There’s always a “but,” right? But that wind and flame of Pentecost brought with it a special gift. This Spirit on that day long ago restored an order that had been absent since Babel. The commotion was so disruptive that devout Jewish people of many nationalities and cultures and races gathered to see what was going on. They heard uneducated, back-country folk, i.e., the disciples, speaking not in the Galilean dialect but in their own native languages, languages these men certainly did not know. Later that same day after Peter finished preaching, the crowd was “cut to the heart” and asked, “what should we do?”
“What should we do” is a question that suggests openness to change, openness to a reordering of lives.
The wind of the Holy Spirit at Pentecost brought people back into unity, from a place that was disordered to a place that was reordered. A unity we need this very day.
Not only is a virus causing rampant disorder here and in countries around the world, but this week starting in Minneapolis and many other cities as the week progressed, we’ve been experiencing the reaction to a societal order in our county that is in desperate need of reordering.
The dis-order of racism goes against the order of God’s kingdom, or realm, or God’s Divine Order.
We need the re-ordering wind and fire of the Holy Spirit. The good news is that we have it – the reading from John speaks of a river of living water that streams from believer’s hearts. This living water is the Holy Spirit. This living water has been poured out on us to prophesy, or speak God’s truth, to dream God’s dreams and envision God’s vision of a holy order.
Amos 5:24 says: “But let justice roll down like waters, and righteousness like an ever-flowing stream.” Can justice and righteousness flow from us? From the Church, the Body of Christ? Through the power of the Holy Spirit, yes, even ordinary folk can do extraordinary things. Things that bring God’s order to the here and now.

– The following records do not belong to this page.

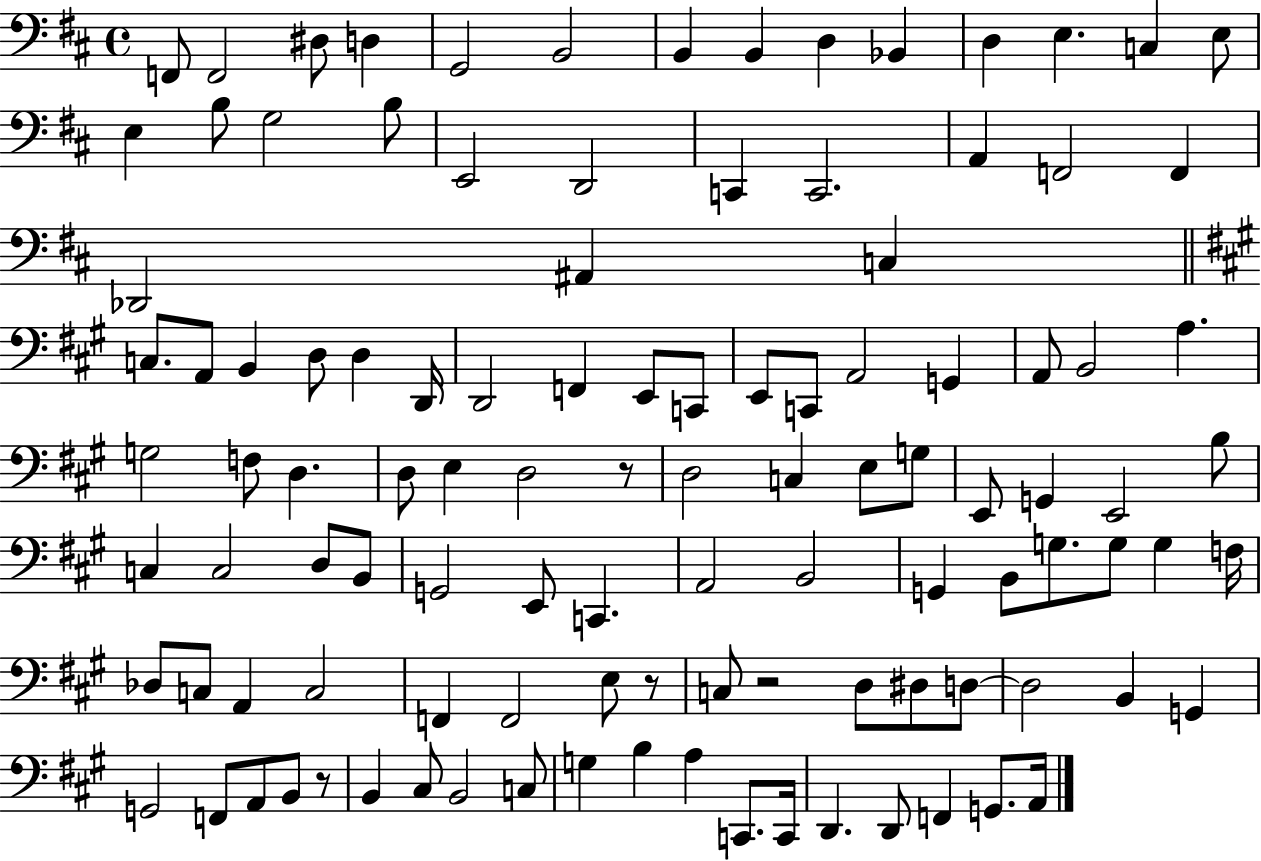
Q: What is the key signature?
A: D major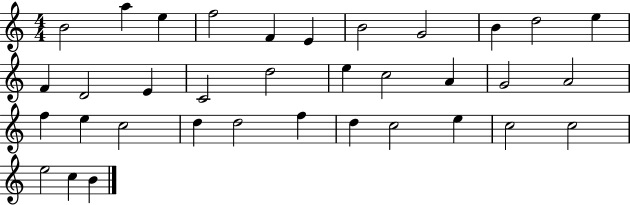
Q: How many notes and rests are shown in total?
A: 35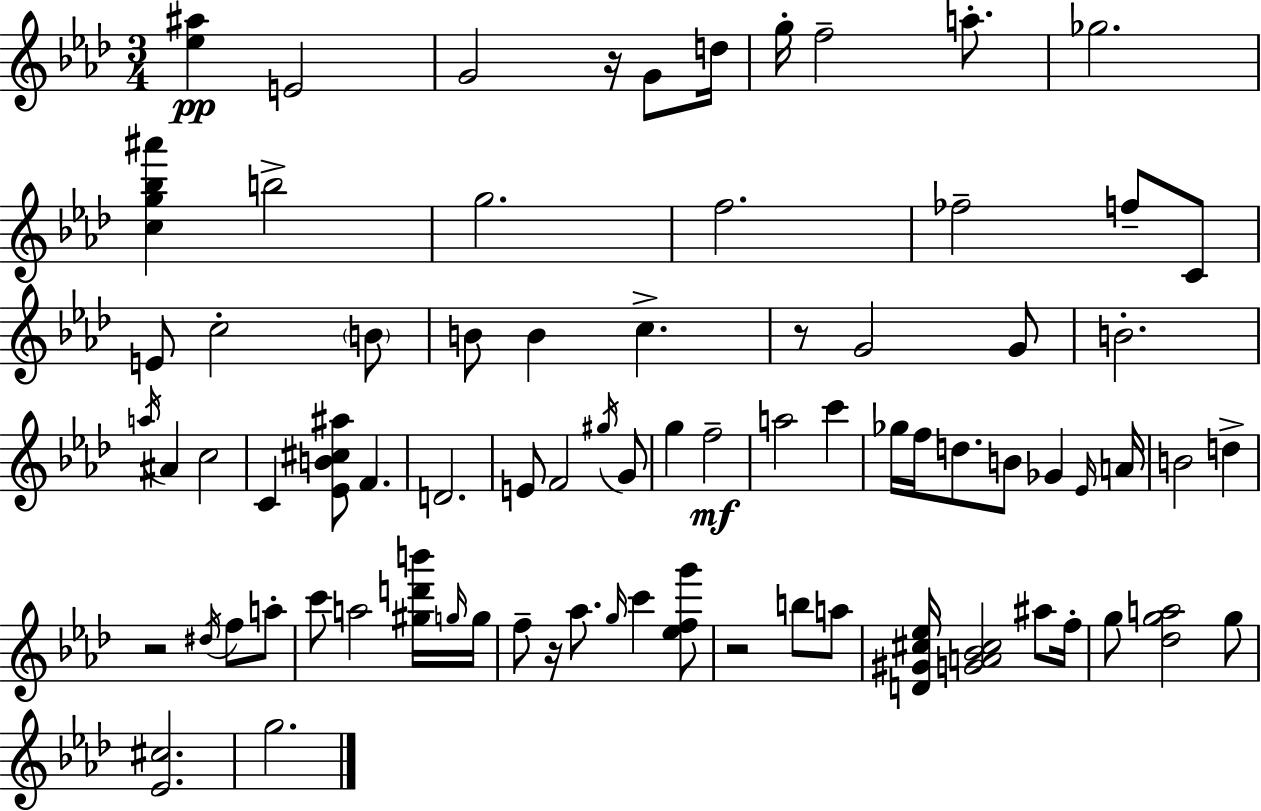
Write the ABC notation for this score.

X:1
T:Untitled
M:3/4
L:1/4
K:Ab
[_e^a] E2 G2 z/4 G/2 d/4 g/4 f2 a/2 _g2 [cg_b^a'] b2 g2 f2 _f2 f/2 C/2 E/2 c2 B/2 B/2 B c z/2 G2 G/2 B2 a/4 ^A c2 C [_EB^c^a]/2 F D2 E/2 F2 ^g/4 G/2 g f2 a2 c' _g/4 f/4 d/2 B/2 _G _E/4 A/4 B2 d z2 ^d/4 f/2 a/2 c'/2 a2 [^gd'b']/4 g/4 g/4 f/2 z/4 _a/2 g/4 c' [_efg']/2 z2 b/2 a/2 [D^G^c_e]/4 [GA_B^c]2 ^a/2 f/4 g/2 [_dga]2 g/2 [_E^c]2 g2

Dare we pray, come Holy Spirit, come? Yes, we must. We must risk the dis-ordering of unjust “orders” if we are to be participants in God’s divine order here on earth. An order where many are one in Christ. And then we must be prepared to ask, “What then should we do?” and be ready to act.
Prayer:
Holy Spirit, Fire of Love, Breath of God, Wind of Pentecost, today is a day of celebrating your outpouring on people like us. We remember your mighty acts in the creation of our world, in the birth and life and death of Jesus, in your outpouring on the apostles, in our baptisms, and in the empowering of prophets – ordinary people – throughout the ages to speak and act on your behalf — such mysteries are beyond our comprehension, yet there is such love behind each act.

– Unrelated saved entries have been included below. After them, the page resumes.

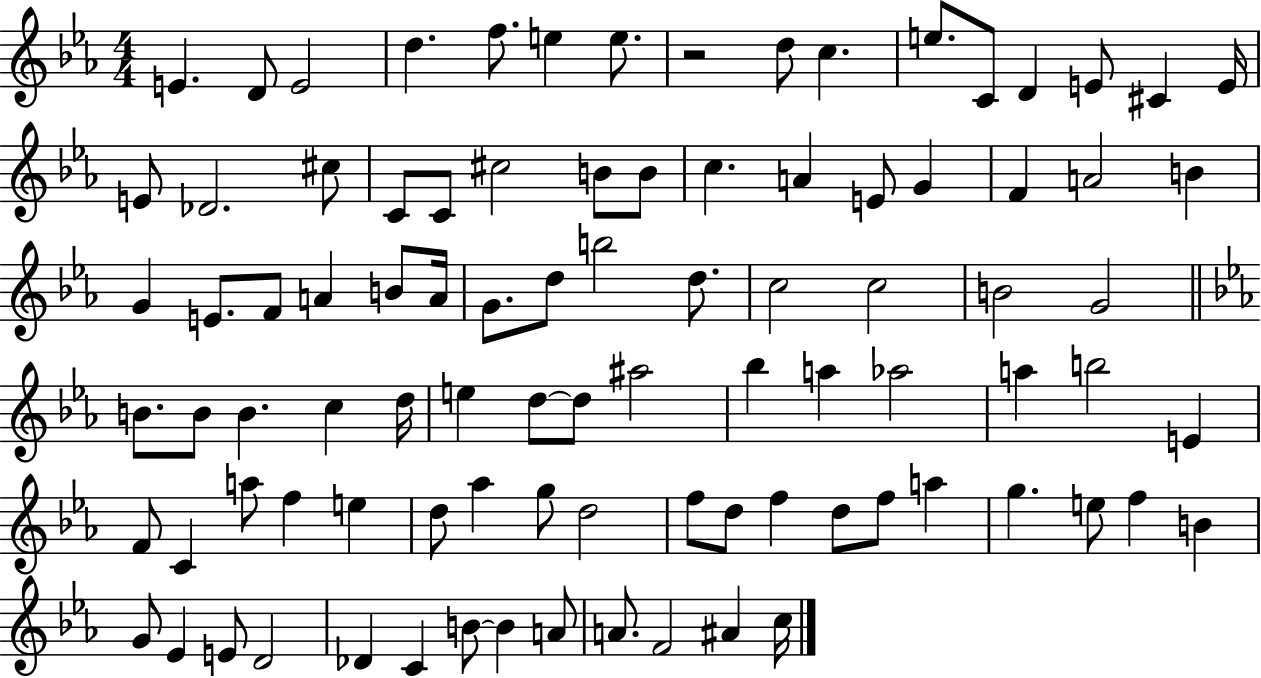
E4/q. D4/e E4/h D5/q. F5/e. E5/q E5/e. R/h D5/e C5/q. E5/e. C4/e D4/q E4/e C#4/q E4/s E4/e Db4/h. C#5/e C4/e C4/e C#5/h B4/e B4/e C5/q. A4/q E4/e G4/q F4/q A4/h B4/q G4/q E4/e. F4/e A4/q B4/e A4/s G4/e. D5/e B5/h D5/e. C5/h C5/h B4/h G4/h B4/e. B4/e B4/q. C5/q D5/s E5/q D5/e D5/e A#5/h Bb5/q A5/q Ab5/h A5/q B5/h E4/q F4/e C4/q A5/e F5/q E5/q D5/e Ab5/q G5/e D5/h F5/e D5/e F5/q D5/e F5/e A5/q G5/q. E5/e F5/q B4/q G4/e Eb4/q E4/e D4/h Db4/q C4/q B4/e B4/q A4/e A4/e. F4/h A#4/q C5/s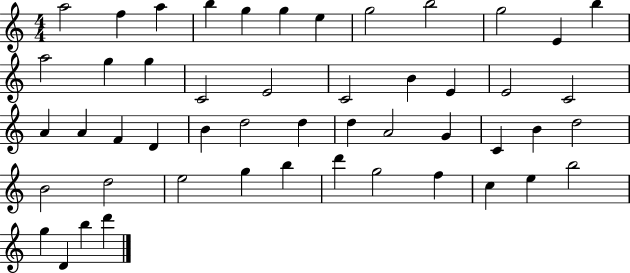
{
  \clef treble
  \numericTimeSignature
  \time 4/4
  \key c \major
  a''2 f''4 a''4 | b''4 g''4 g''4 e''4 | g''2 b''2 | g''2 e'4 b''4 | \break a''2 g''4 g''4 | c'2 e'2 | c'2 b'4 e'4 | e'2 c'2 | \break a'4 a'4 f'4 d'4 | b'4 d''2 d''4 | d''4 a'2 g'4 | c'4 b'4 d''2 | \break b'2 d''2 | e''2 g''4 b''4 | d'''4 g''2 f''4 | c''4 e''4 b''2 | \break g''4 d'4 b''4 d'''4 | \bar "|."
}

Through your power, ordinary people have done things they could not imagine being able to do. Help us to be bold pray-ers when we pray, “come Spirit come.” Stir up our complacent lives and empower us to live lives that glorify you. Come Spirit Come. Blow through us again, and open us, our hearts, our minds, our hands, to you that we may be renewed as your people and be made alive again as your Church in the world that your Divine Order may come upon the earth. Through Jesus Christ, Amen.